DIRECTIONS FOR THIS TASK: The reply should contain every entry exactly as given, with no pictures in it.

== Segment start ==

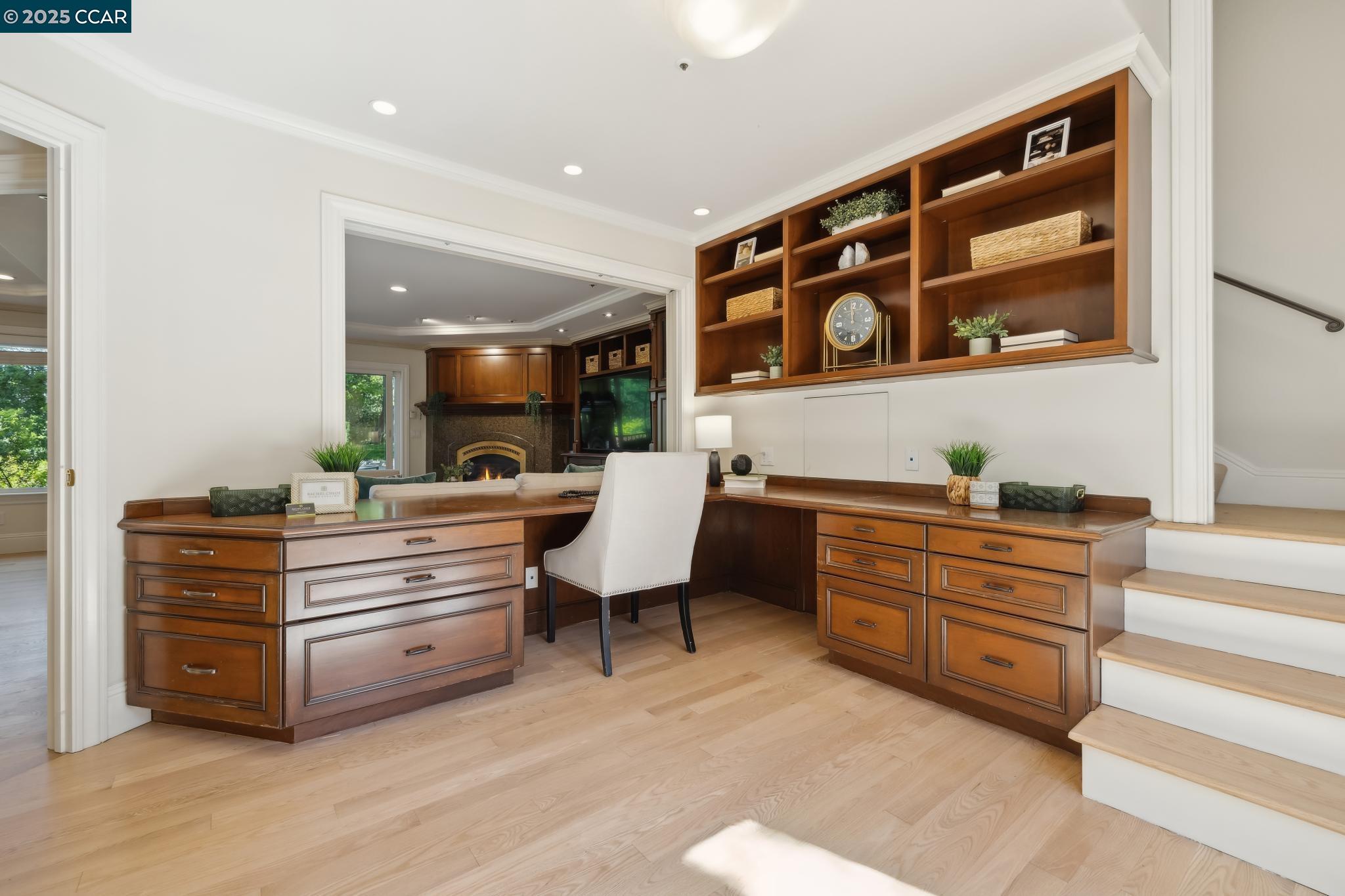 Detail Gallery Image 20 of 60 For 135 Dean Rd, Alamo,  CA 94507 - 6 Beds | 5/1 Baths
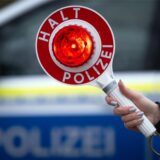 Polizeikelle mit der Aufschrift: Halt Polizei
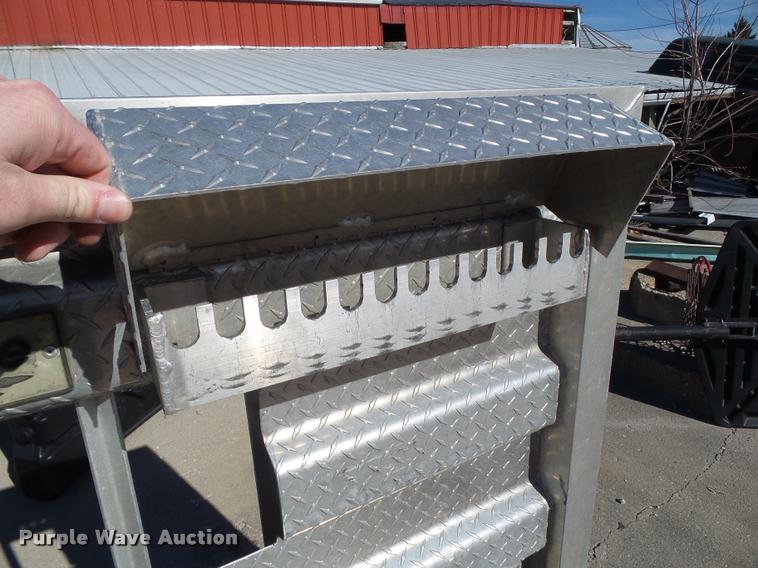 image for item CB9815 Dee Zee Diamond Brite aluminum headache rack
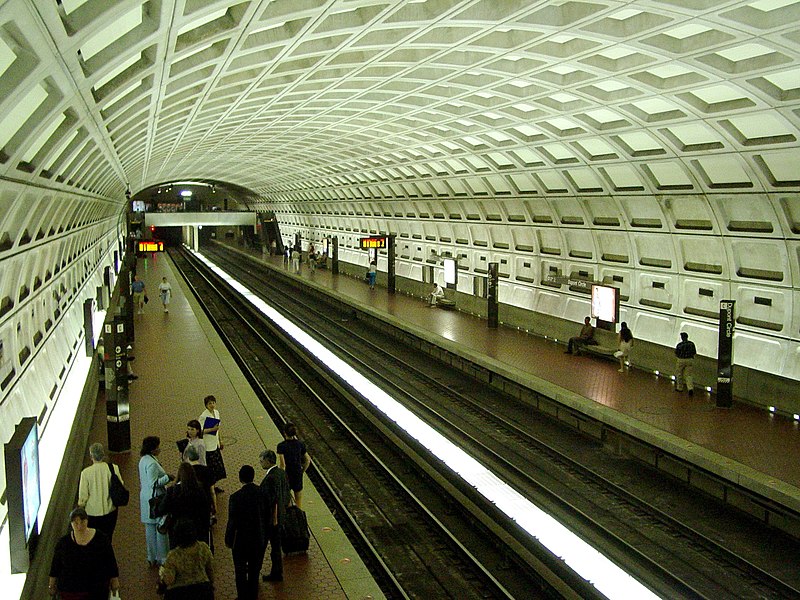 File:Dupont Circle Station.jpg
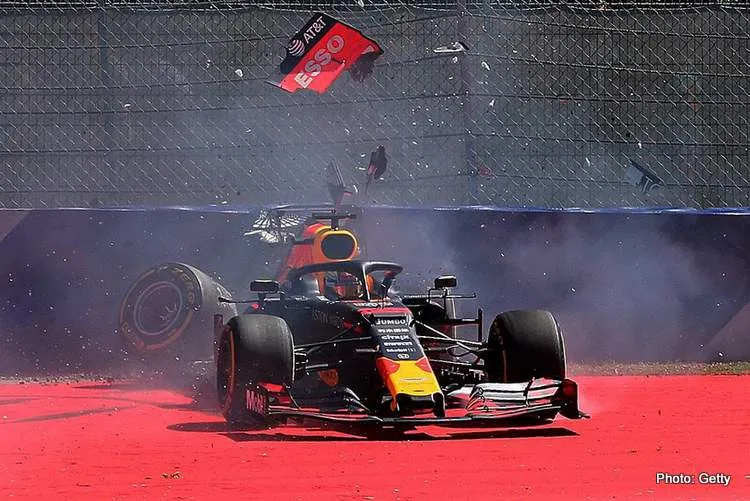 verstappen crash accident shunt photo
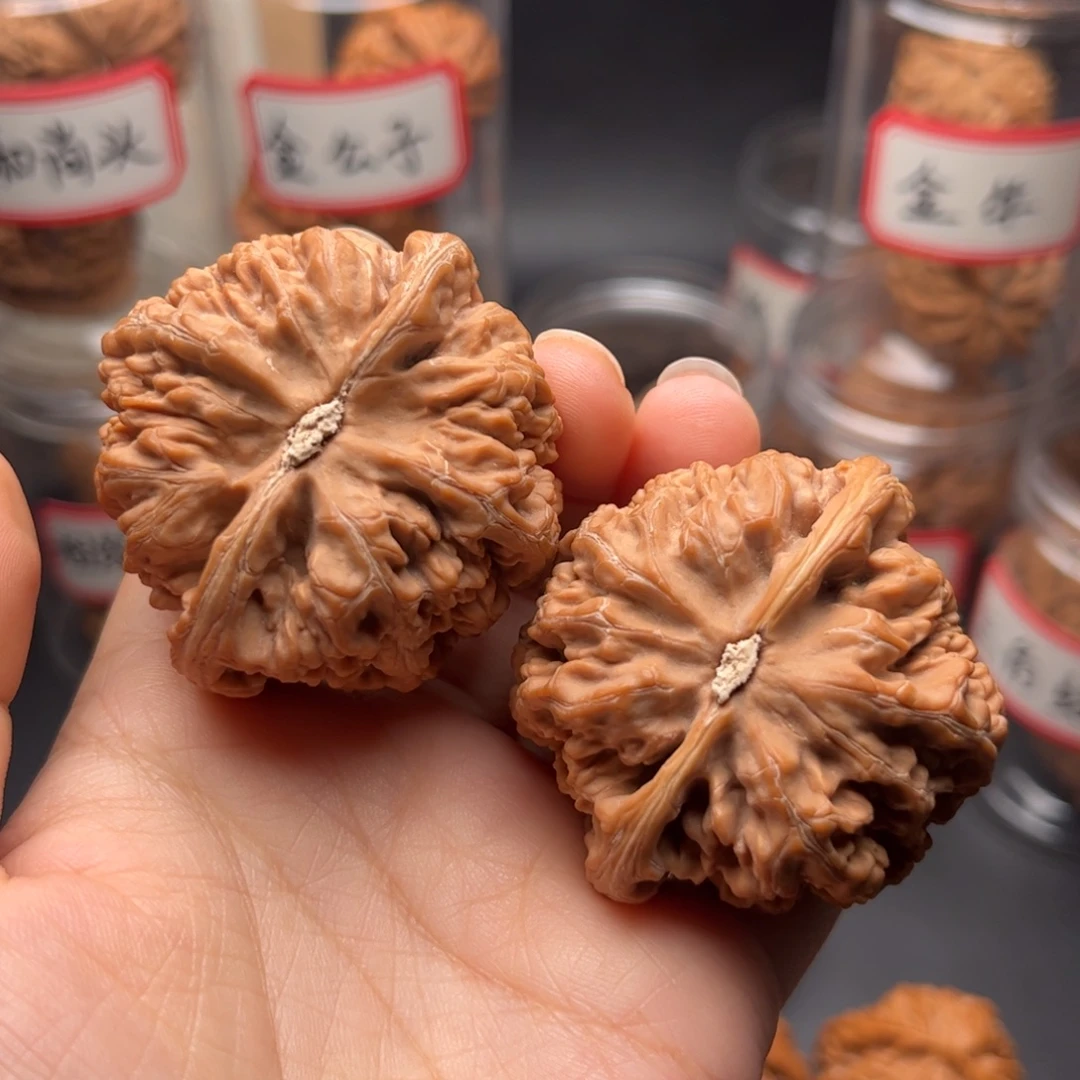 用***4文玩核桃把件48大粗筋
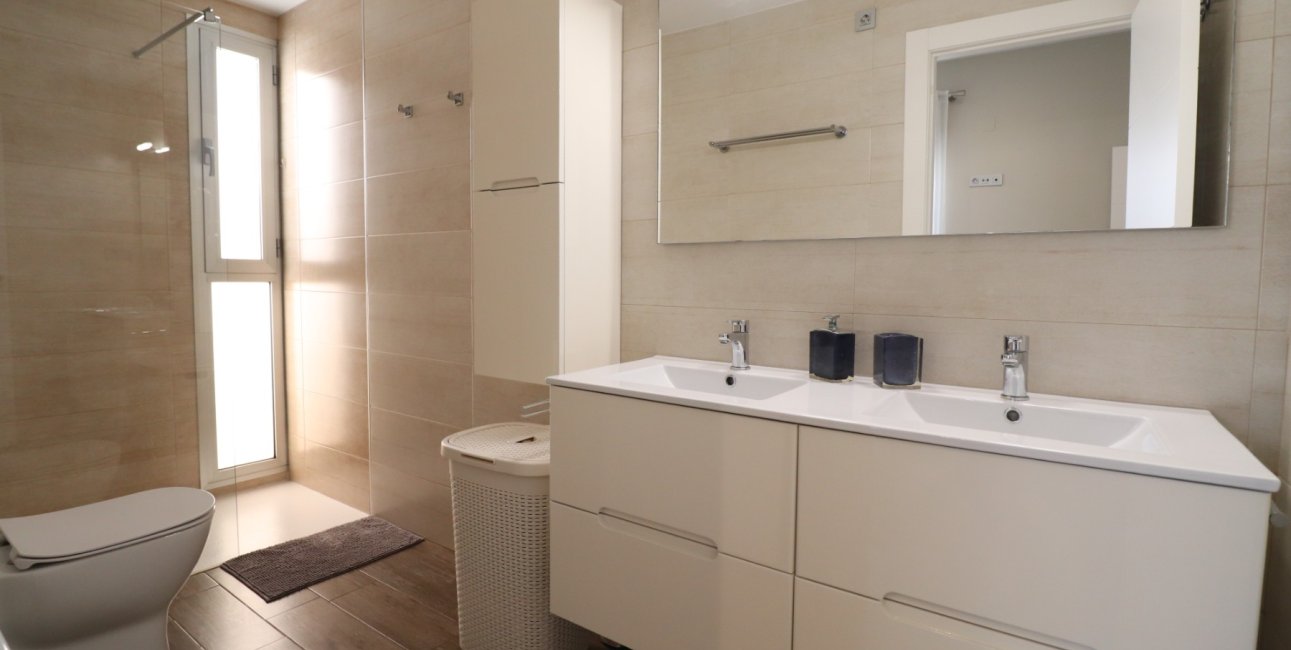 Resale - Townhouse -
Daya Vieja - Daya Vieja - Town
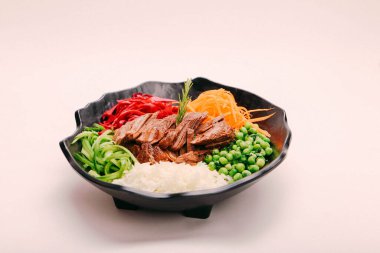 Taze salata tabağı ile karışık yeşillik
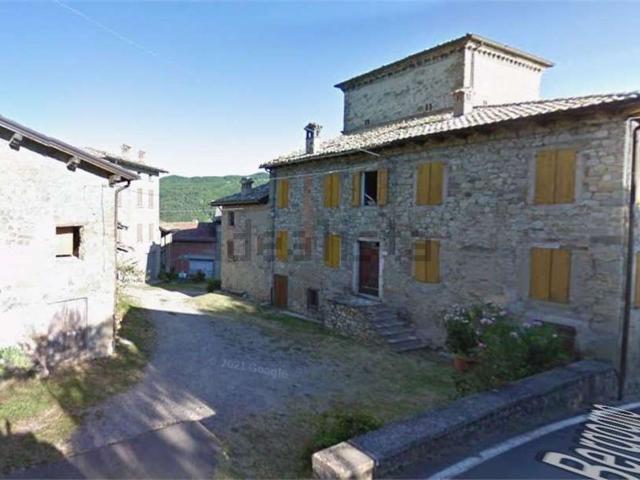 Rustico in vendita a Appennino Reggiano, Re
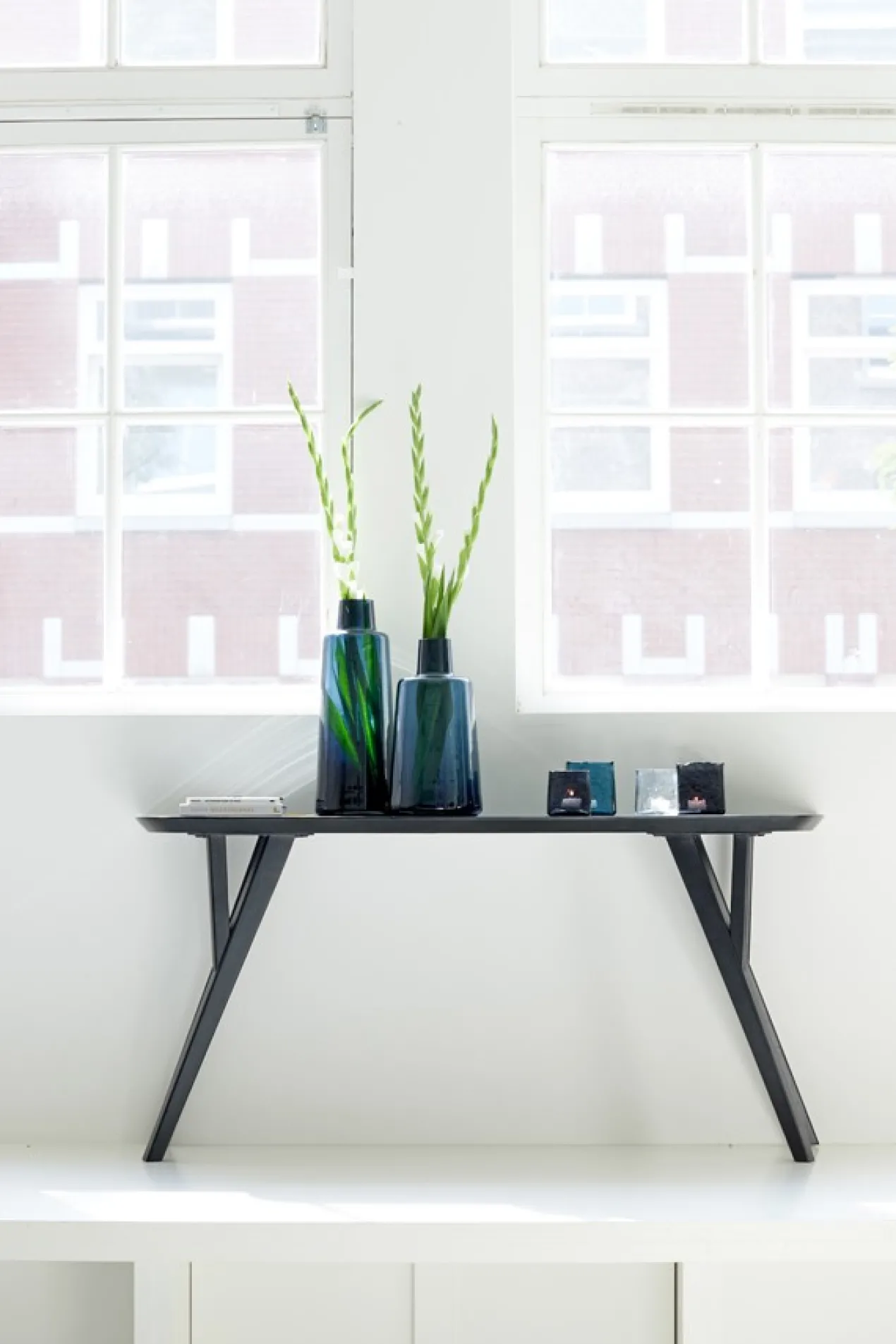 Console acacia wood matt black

== Segment end ==

YOUR RESPONSE:
 Detail Gallery Image 20 of 60 For 135 Dean Rd, Alamo,  CA 94507 - 6 Beds | 5/1 Baths
 Polizeikelle mit der Aufschrift: Halt Polizei
 image for item CB9815 Dee Zee Diamond Brite aluminum headache rack
 File:Dupont Circle Station.jpg
 verstappen crash accident shunt photo
 用***4文玩核桃把件48大粗筋
 Resale - Townhouse -
Daya Vieja - Daya Vieja - Town
 Taze salata tabağı ile karışık yeşillik
 Rustico in vendita a Appennino Reggiano, Re
 Console acacia wood matt black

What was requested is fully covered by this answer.